わたしがするべきことは、彼らに自分のピンチを報せること!
「助けてーっ!」
だけど城に辿り着く前に、髪を掴まれた。痛みにつんのめり、膝を落としたところを馬乗りされた。
「騒ぐなってば! 大丈夫、マリーを傷つけたりしない!」
背中に乗られたまま、わたしはどうにか顔を振り向かせ、暴漢の顔を見ようとした。朝日はほとんど昇りきり、ずいぶん明るくなってきた。せめて相手の特徴を、ダイイングメッセージで遺さないと。だから顔を。顔を……。
…………えっ?
「綺麗な顔に傷を作りたくないだろう、そのまま大人しく……綺麗な、顔……。顔が……」
『暴漢』の声が細くなっていく。
目深にかぶった帽子の奥で、青い瞳を大きく見開く。金色の長い睫毛をパチパチさせて、「えっ?」と疑問符を浮かべた。
次の瞬間、その身体が宙に浮いた。
「わわっ? ――あ!」
「キュロス様!」
『暴漢』の後ろ襟を掴んで持ち上げたのは、グラナド城の主そのひとだった。キュロス・グラナド伯爵は背が高い。『暴漢』を猫の子みたいにつまみ上げると、大きな身体をしならせて、遠くにむかって投げ飛ばした。
人間が、弧を描いて宙を飛ぶ。――壁に激突する! と、危ないところで、ミオがキャッチ。小柄な自分よりさらに小さい『暴漢』に、眉を顰めた。
「軽い?」
投げ飛ばしたキュロス様も、同じ感想を持ったらしかった。右手を見下ろし不思議そうな顔。
だけどそれよりも、とすぐにわたしを抱き起こす。
「マリー! 無事かっ?」
「だ、大丈夫です、ありがとうございます……」
「やっぱりマリーなの!?」
ミオに後ろ手をねじり上げられたまま、『暴漢』は叫ぶ。投げ飛ばされた勢いで、帽子がなくなっていた。むき出しになった顔を見て、キュロス様は首を傾げた。
「お前、アーサー、だな?」
「……いえ。姉の……アナスタジア、です」
わたしは断言した。
キュロス様は、エッと怪訝な声を上げた。
「あれがアナスタジア!? まさか……あんな感じだったか?」
姉との面識はないが、遠目に見たことがあるというキュロス様だから、なおさら違和感が強いだろう。姉の姿は、わたしの記憶とも変わり果てていた。
見事な金髪は、耳の辺りまでバッサリと短く切られていた。そのくせ前髪やサイドはほったらかしで、クセがあるためクシャクシャふわふわ、金色の毛玉のよう。隙間からわずかに、あの青い目が覗いていなければ、わたしにも分からなかったかもしれない。
服はスミス・ノーマンが着ていたものによく似ていた。

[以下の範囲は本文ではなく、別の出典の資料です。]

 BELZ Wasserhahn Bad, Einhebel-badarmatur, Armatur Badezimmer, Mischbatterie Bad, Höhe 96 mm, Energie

だぶつくほど大きなシャツにオーバーオールのズボン。職人の作業服らしく、大きなポケットがいっぱいついている。
全体的に、薄汚れていた。不潔ではないが、ロクな洗剤を使っていないのだろう。いや洗うそばから汚れてしまうのか。服も、髪も肌も、土埃や塗料でくすんでいた。
どう見ても、職人見習いの少年。だけど鮮やかな青の大きな眼、小さな鼻にぷくんと丸い唇、ふっくらした頬に細い顎の、天使のような美貌は変わらない。
アナスタジア・シャデランお姉様……だった。
「ミオ、お姉様を放し……」
「マリーから離れなさいよ、大男!」
姉は叫んだ。自分を締め上げる侍女よりも、わたしの方を抱くキュロス様をまっすぐに睨んで。
キュロス様は、姉だと理解しても警戒を解かなかった。わたしを護りながら、状況を確認する。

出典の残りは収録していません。